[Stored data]

------------------------------------------------------------------------

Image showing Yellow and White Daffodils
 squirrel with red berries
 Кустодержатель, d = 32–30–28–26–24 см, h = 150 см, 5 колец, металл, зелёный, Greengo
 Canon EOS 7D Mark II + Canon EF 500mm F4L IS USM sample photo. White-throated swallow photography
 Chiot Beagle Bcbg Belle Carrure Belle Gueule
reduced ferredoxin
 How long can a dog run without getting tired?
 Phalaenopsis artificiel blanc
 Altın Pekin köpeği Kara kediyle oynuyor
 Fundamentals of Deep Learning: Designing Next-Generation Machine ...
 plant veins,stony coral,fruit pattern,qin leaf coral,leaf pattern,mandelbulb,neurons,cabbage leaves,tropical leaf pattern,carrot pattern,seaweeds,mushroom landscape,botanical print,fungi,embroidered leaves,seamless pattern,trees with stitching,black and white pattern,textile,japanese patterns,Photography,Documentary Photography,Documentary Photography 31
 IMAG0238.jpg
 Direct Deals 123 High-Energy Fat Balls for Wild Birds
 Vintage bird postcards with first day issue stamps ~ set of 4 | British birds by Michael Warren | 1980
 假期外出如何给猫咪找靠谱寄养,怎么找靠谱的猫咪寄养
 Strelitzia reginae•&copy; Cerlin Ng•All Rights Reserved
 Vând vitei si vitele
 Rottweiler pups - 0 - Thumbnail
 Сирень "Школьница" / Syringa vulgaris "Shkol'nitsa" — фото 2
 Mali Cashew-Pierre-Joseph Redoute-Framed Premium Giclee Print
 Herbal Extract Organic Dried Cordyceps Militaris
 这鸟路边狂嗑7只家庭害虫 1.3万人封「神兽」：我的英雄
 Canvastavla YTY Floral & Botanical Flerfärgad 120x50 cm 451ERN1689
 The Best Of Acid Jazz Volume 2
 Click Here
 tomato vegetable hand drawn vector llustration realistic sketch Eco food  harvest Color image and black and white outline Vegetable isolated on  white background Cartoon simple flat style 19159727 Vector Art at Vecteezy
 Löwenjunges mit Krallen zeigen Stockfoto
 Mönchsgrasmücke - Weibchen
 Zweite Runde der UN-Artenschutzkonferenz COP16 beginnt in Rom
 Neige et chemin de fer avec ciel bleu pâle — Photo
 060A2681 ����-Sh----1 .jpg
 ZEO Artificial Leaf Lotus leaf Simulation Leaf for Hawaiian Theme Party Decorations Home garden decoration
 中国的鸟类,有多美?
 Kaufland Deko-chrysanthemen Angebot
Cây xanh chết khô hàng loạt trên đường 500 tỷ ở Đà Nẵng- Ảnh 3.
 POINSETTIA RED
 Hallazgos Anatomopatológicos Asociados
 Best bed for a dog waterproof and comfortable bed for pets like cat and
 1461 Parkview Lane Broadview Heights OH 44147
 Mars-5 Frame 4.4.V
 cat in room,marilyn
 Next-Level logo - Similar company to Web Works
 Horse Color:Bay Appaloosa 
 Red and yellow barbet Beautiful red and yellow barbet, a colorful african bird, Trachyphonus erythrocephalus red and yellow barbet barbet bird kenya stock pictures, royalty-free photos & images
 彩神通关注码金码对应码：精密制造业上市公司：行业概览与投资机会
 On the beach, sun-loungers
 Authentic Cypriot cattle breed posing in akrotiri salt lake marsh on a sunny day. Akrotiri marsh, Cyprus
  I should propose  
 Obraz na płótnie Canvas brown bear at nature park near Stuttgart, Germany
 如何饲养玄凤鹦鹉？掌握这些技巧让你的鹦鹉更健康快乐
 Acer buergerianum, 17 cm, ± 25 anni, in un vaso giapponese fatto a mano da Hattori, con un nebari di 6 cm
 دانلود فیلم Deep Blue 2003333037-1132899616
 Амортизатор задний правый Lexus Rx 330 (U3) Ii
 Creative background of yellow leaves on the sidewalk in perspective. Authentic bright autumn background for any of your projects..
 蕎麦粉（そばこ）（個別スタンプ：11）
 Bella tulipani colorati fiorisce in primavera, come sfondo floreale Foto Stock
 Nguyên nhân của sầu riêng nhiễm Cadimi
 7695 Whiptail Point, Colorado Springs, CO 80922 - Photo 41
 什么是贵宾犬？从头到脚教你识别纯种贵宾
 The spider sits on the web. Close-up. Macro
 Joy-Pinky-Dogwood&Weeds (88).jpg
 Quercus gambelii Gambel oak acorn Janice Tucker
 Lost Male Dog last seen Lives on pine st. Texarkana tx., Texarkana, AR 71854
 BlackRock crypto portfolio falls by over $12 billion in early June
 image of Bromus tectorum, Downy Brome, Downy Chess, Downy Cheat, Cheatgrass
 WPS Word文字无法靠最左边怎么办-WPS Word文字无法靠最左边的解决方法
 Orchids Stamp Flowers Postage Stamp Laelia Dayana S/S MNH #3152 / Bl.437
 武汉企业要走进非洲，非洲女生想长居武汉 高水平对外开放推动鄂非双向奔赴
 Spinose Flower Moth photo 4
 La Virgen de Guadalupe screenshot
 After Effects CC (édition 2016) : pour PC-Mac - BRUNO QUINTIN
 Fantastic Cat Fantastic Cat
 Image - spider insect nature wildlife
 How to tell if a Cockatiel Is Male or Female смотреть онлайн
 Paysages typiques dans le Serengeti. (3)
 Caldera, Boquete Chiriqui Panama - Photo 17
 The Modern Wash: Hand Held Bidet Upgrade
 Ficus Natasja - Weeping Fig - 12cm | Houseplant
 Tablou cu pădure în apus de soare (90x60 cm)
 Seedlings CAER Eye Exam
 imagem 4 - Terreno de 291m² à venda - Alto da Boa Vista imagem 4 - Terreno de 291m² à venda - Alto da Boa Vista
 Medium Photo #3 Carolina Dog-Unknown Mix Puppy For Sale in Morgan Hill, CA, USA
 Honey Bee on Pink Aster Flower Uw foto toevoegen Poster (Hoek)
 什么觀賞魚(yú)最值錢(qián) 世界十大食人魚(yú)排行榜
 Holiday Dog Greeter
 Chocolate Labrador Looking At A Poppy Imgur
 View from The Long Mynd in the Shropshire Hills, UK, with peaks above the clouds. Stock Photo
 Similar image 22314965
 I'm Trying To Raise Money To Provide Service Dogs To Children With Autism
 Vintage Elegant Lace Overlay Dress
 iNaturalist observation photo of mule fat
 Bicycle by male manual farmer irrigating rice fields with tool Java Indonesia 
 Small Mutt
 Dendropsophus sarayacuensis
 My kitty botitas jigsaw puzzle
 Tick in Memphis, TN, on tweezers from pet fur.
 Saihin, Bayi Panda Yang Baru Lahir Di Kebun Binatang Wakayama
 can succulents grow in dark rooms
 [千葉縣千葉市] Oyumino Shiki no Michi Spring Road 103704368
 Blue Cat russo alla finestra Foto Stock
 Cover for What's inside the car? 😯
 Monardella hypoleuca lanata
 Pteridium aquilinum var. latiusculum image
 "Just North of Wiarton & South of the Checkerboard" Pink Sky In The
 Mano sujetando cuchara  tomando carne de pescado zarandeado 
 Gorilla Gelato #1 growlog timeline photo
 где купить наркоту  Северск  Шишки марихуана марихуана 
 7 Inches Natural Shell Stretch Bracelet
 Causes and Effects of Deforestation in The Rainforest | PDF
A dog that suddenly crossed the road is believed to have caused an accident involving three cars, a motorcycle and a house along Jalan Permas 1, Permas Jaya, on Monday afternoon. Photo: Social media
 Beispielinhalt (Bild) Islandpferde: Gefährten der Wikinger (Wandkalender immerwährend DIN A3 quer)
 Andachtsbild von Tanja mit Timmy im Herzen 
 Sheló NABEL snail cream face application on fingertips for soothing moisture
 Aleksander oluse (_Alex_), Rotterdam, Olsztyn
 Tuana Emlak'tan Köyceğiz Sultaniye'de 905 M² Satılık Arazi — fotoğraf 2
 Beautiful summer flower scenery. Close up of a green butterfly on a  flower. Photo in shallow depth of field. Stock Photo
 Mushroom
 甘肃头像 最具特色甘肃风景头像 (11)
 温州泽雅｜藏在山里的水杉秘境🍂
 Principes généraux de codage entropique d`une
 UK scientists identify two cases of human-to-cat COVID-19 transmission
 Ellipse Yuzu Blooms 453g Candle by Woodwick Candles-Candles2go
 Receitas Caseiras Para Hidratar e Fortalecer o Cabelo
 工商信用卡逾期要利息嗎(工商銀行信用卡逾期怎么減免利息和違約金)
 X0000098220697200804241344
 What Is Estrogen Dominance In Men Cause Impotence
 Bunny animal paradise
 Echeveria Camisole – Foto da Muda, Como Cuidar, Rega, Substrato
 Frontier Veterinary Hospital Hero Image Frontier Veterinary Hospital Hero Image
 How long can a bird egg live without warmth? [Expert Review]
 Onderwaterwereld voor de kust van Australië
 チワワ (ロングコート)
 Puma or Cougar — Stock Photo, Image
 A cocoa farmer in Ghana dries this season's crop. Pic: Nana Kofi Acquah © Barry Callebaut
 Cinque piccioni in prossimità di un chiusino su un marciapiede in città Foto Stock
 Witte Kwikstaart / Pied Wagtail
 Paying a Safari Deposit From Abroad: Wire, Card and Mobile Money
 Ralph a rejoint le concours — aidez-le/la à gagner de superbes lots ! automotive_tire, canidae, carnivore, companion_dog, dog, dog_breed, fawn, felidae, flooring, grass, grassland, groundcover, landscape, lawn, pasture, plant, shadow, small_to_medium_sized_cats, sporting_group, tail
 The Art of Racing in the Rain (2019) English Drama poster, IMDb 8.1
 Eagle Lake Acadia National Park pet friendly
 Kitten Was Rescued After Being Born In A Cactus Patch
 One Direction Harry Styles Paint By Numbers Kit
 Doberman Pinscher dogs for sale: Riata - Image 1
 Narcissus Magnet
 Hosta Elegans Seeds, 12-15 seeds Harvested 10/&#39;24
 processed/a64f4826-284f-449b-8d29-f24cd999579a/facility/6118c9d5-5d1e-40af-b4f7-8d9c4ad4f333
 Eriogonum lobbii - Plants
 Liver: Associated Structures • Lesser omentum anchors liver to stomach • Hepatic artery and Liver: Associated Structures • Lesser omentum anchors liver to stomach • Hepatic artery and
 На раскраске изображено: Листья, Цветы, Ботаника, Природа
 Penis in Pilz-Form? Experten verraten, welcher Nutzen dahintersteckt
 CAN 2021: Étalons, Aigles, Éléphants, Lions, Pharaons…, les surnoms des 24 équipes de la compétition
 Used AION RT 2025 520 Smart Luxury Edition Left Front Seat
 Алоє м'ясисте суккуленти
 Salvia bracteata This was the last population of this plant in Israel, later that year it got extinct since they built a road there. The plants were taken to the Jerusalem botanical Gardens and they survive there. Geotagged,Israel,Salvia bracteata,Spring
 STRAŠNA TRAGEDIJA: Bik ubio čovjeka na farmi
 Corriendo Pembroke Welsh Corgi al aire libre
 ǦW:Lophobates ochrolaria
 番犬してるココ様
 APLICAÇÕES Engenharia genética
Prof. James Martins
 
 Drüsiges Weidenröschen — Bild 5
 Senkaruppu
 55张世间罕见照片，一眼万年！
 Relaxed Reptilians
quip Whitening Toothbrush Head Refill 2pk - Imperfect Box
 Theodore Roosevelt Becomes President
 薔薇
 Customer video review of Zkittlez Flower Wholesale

------------------------------------------------------------------------

Above are the records; please copy exactly their first line and each line after it through the line containing "Rottweiler pups - 0 - Thumbnail", and no line after that.

# WRITTEN RESPONSE
Image showing Yellow and White Daffodils
 squirrel with red berries
 Кустодержатель, d = 32–30–28–26–24 см, h = 150 см, 5 колец, металл, зелёный, Greengo
 Canon EOS 7D Mark II + Canon EF 500mm F4L IS USM sample photo. White-throated swallow photography
 Chiot Beagle Bcbg Belle Carrure Belle Gueule
reduced ferredoxin
 How long can a dog run without getting tired?
 Phalaenopsis artificiel blanc
 Altın Pekin köpeği Kara kediyle oynuyor
 Fundamentals of Deep Learning: Designing Next-Generation Machine ...
 plant veins,stony coral,fruit pattern,qin leaf coral,leaf pattern,mandelbulb,neurons,cabbage leaves,tropical leaf pattern,carrot pattern,seaweeds,mushroom landscape,botanical print,fungi,embroidered leaves,seamless pattern,trees with stitching,black and white pattern,textile,japanese patterns,Photography,Documentary Photography,Documentary Photography 31
 IMAG0238.jpg
 Direct Deals 123 High-Energy Fat Balls for Wild Birds
 Vintage bird postcards with first day issue stamps ~ set of 4 | British birds by Michael Warren | 1980
 假期外出如何给猫咪找靠谱寄养,怎么找靠谱的猫咪寄养
 Strelitzia reginae•&copy; Cerlin Ng•All Rights Reserved
 Vând vitei si vitele
 Rottweiler pups - 0 - Thumbnail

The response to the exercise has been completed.